When actors prepare for an audition, they look closely at the characters they’re being asked to portray, they familiarize themselves with the project and professionals involved, and they try to maximize their level of self-confidence. But chances are they are not scrutinizing their personal speech patterns while prepping for the part. Nonetheless, casting director Marci Liroff is strongly encouraging actors to examine their own speech habits and consider whether their style of articulation and intonation is hurting their chances in the audition room. Liroff is known for her prolific career in film and television over the span of 38 years. Films which she has cast include Footloose, St. Elmo’s Fire, Pretty in Pink, The Spitfire Grill, Freaky Friday, Mean Girls, and Mr. Popper’s Penguins. The Hollywood veteran recently wrote an article in Business Insider about a growing trend she is seeing in the audition room and has some advice to offer actors hoping to break into the industry. “If you look at an audition for a movie or television show, and compare it to a job interview in another industry, I think you’ll see there are several translatable lessons,” Liroff says. And first off she asserts, “[Casting directors] listen to your voice and intonation.”

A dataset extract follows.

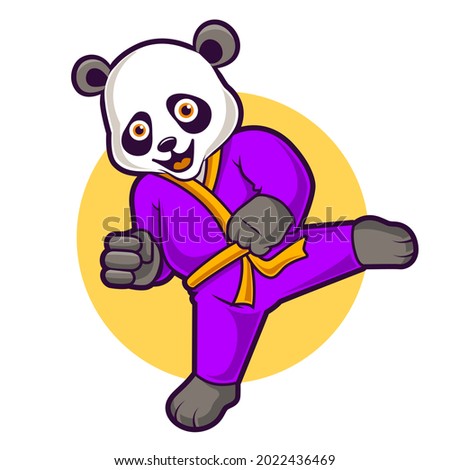 cute panda karate, funny mascot vector illustration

Liroff specifies two problematic speech trends. The first, called “vocal fry,” she describes as both an “epidemic” and indeed “annoying.” If you have not heard the term vocal fry before, you almost certainly have heard what it sounds like. It’s a speech pattern that is characterized by distinct low, creaky vibrations that often occur at the end of sentences. It’s often referred to as “creaky voice.” Although males also express themselves in this lowest of registers–and it’s even revered, say, when Morgan Freeman uses it in trailer voice-overs— vocal fry is especially gaining popularity among young adult women who speak American English.

There are different theories as to why this phenomenon is occurring–and some of the research is contradictory. Some studies reveal that both males and females use lower vocal registers when trying to denote authority and thus argue that this new pattern among women adds to a woman’s perceived credibility. Indeed, scientists have found that people with lower voices tend to make higher salaries. For this reason, women are sometimes advised to use lower registers when going on job interviews. On the other hand, other researchers assert pretty much the opposite: that when women use the lowest registers it’s associated with generally negative connotations in the workplace, that they sound less confident, and it undermines the effectiveness of their communication. Indeed, Liroff represents just one of many who insist it is a drawback during job interviews. And yet others insist that such perceptions represent an attack on women’s speech.

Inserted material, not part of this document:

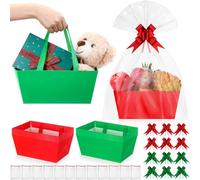 Skyygemm 12 cestas de Navidad para regalos, kit vacío de 9.8 x 6.5 pulgadas, cesta de regalo vacía para llenar a granel con asas, bolsas de plástico, lazos para envolver fiestas de Navidad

A second speech pattern Liroff highlights is called “uptalking.” Uptalking refers to speech that ends in a high note as if the speaker is asking a question even when he or she is not. Liroff says, “I tell my coaching clients and those who are auditioning for me that uptalk results in the listener not taking them or their content seriously…It communicates the very opposite of confidence or assertiveness. There’s a huge difference between ‘My name is Marci? This is what I believe?’ and ‘My name is Marci. This is what I believe.’”

In the above video, actress and vocal coach Amy Walker demonstrates vocal fry and uptalking and how they have the potential to limit an actor’s pallet.

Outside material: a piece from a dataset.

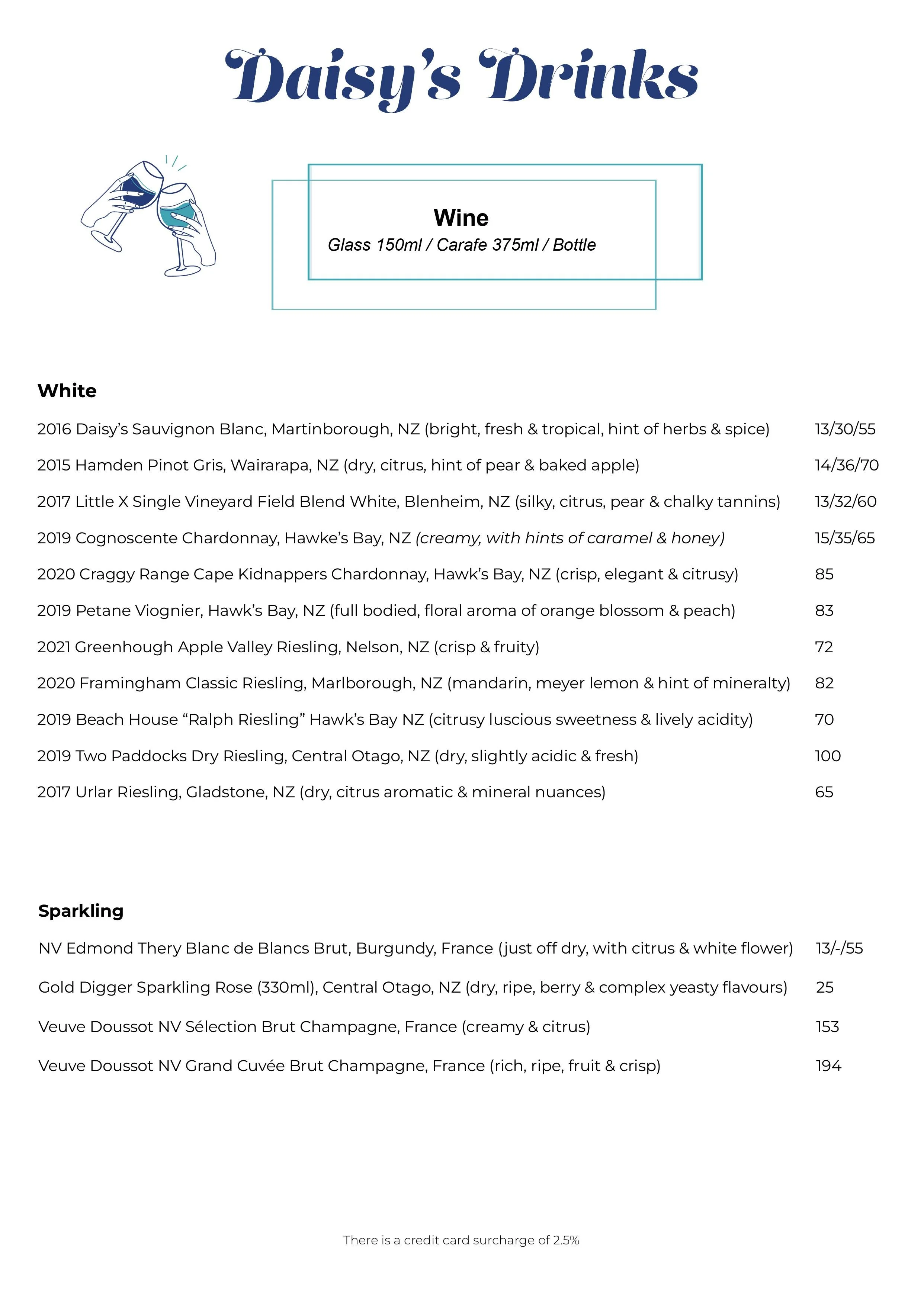 Sample Menus — Daisy's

An individual’s voice is a deeply personal aspect of their identity. And when it comes to being an actor, authenticity is so important. Nobody wants to feel self-conscious about something so personal to them as their voice. With this in mind, it’s up to each actor to determine whether his or her speech patterns reflect an essential aspect of their identity or if such habits might be worth modifying. It’s wise to chose a deliberate decision about which path to chose as Liroff says, “When meeting new clients or potential supervisors your voice is one of your most important instruments. If you’re not aware and in control of it, you will be saying things you don’t mean and your intent will be misunderstood.”